Now, yet another generation of presumptive wise and foolish virgins comes on the world stage. They too are told, ad nauseam, ‘the bridegroom is here and has been here for 100 years!’ No wonder they all nod off from sheer fatigue.
Obviously, the bridegroom is not here. That is why all those who have figuratively gone out to meet him have been repeatedly disappointed. Ironically, that makes the Watchtower’s question all the more pertinent: Will you keep on the watch?
Contrary to the comment in today’s text the faithful virgins have not responded to the announcement the the bridegroom is here.

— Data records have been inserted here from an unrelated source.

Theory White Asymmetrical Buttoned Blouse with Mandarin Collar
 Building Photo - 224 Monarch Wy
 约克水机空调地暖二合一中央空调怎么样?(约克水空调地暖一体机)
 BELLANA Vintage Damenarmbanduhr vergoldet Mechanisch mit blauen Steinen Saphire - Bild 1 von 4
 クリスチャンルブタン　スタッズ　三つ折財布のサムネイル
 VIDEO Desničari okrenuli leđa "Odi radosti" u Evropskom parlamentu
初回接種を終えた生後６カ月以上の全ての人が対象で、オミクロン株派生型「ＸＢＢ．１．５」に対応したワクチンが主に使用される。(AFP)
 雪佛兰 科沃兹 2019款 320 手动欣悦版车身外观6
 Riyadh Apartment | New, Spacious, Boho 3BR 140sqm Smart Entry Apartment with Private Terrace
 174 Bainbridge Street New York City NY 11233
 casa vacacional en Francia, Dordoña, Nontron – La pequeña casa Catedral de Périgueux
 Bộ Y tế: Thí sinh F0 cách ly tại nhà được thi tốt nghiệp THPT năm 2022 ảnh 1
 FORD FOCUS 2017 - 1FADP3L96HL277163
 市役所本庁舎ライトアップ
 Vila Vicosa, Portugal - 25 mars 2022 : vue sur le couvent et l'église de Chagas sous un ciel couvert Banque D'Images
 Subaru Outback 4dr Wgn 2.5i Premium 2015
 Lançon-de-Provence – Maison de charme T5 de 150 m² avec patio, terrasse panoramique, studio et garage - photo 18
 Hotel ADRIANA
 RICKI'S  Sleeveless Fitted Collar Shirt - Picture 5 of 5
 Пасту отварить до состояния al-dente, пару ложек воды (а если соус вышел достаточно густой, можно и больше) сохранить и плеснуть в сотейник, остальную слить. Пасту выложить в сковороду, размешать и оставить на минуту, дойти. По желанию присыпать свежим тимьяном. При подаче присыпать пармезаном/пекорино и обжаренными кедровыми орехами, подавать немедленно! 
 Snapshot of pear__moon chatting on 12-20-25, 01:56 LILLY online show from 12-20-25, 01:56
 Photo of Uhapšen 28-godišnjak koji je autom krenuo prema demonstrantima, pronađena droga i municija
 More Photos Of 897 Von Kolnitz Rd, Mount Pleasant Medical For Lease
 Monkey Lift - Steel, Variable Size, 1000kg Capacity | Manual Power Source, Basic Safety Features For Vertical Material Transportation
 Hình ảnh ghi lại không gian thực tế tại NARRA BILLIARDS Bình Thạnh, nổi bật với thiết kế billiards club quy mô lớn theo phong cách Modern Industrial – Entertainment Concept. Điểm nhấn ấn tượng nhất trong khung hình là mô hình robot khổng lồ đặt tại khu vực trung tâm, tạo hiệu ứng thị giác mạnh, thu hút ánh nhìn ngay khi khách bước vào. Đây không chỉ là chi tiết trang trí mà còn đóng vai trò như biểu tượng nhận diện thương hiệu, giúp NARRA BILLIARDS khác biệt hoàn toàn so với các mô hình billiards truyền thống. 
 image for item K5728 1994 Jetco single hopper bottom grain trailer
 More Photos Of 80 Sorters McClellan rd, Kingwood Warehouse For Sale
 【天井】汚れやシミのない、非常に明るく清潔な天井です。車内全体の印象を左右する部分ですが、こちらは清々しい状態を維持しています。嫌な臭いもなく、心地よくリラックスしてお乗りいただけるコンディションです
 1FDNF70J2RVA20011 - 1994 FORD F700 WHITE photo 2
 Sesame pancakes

How could they, since in reality the bridegroom is not here?
Rather than promoting wakefulness, the Watchtower’s phony proclamation that the bridegroom is here (and also “just about to come”) is instrumental in causing complacency.
Because the Watchtower stands as the sole source of truth for Jehovah’s Witnesses no doubt the reason the foolish virgins will find themselves in the dark with no more “oil” for their lamps is because they have unwisely depended on Bethel to tell them what is true and have not really gotten the sense of things.
When the bridegroom finally arrives, heralded by the outbreak of global war, chaos, and all the rest, the five virgins with no reserve will foolishly return to the Watchtower’s sellers of illuminating oil one last time. But their delay will cost them dearly. Making their way to the feast they will find they have been locked out. Knocking and requesting entry, the bridegroom will respond: “I tell you the truth, I do not know you.”